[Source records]
#####
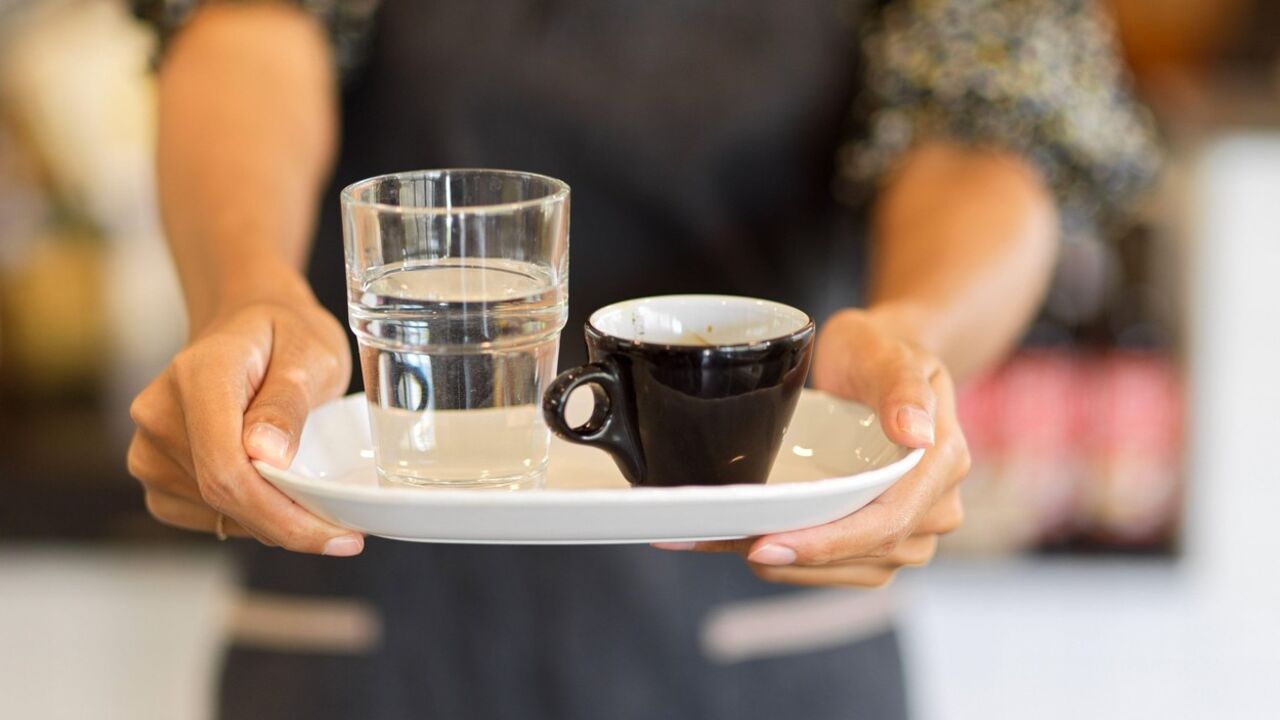 kafa, voda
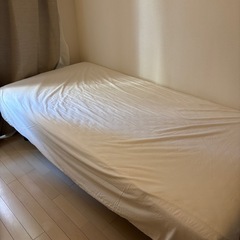 無印良品　脚付マットレスシングルの画像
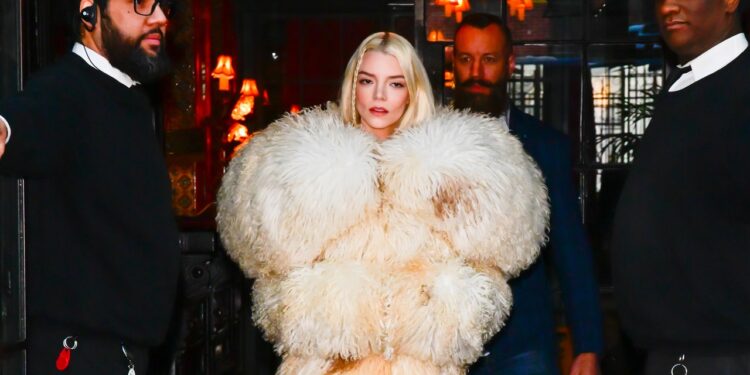 Anya Taylor-Joy Peacocks Around New York City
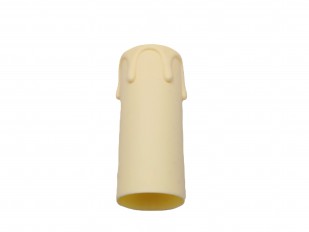 Candle Tube sleeve 70mm x 26mm cream Plastic drip 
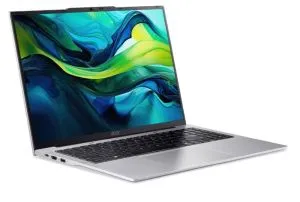 Лаптоп Acer Aspire Lite 16, AL16-52P-50A8, i5 1334U (up to 4.60GHz, 12MB), 16" WUXGA (1920 x 1200)IPS, 1*16GB DDR5 4800MHz (1 slot free), 512GB PCIe NVMe SSD, Intel Iris Xe Graphics, 2.0MP FHD Cam, Wi-Fi 6AX201+BT 5.1, No OS, Silver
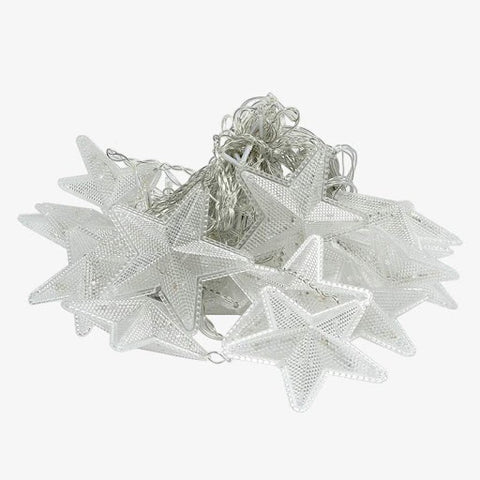 16 Star V Shaped Gateway Curtain String Lights with 8 Flashing Modes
#####
Problem statement: Begin at the line containing "無印良品　脚付マットレスシングルの画像" and write out every line to the end of the data exactly. Skip the pictures.

Result:
 無印良品　脚付マットレスシングルの画像
 Anya Taylor-Joy Peacocks Around New York City
 Candle Tube sleeve 70mm x 26mm cream Plastic drip 
 Лаптоп Acer Aspire Lite 16, AL16-52P-50A8, i5 1334U (up to 4.60GHz, 12MB), 16" WUXGA (1920 x 1200)IPS, 1*16GB DDR5 4800MHz (1 slot free), 512GB PCIe NVMe SSD, Intel Iris Xe Graphics, 2.0MP FHD Cam, Wi-Fi 6AX201+BT 5.1, No OS, Silver
 16 Star V Shaped Gateway Curtain String Lights with 8 Flashing Modes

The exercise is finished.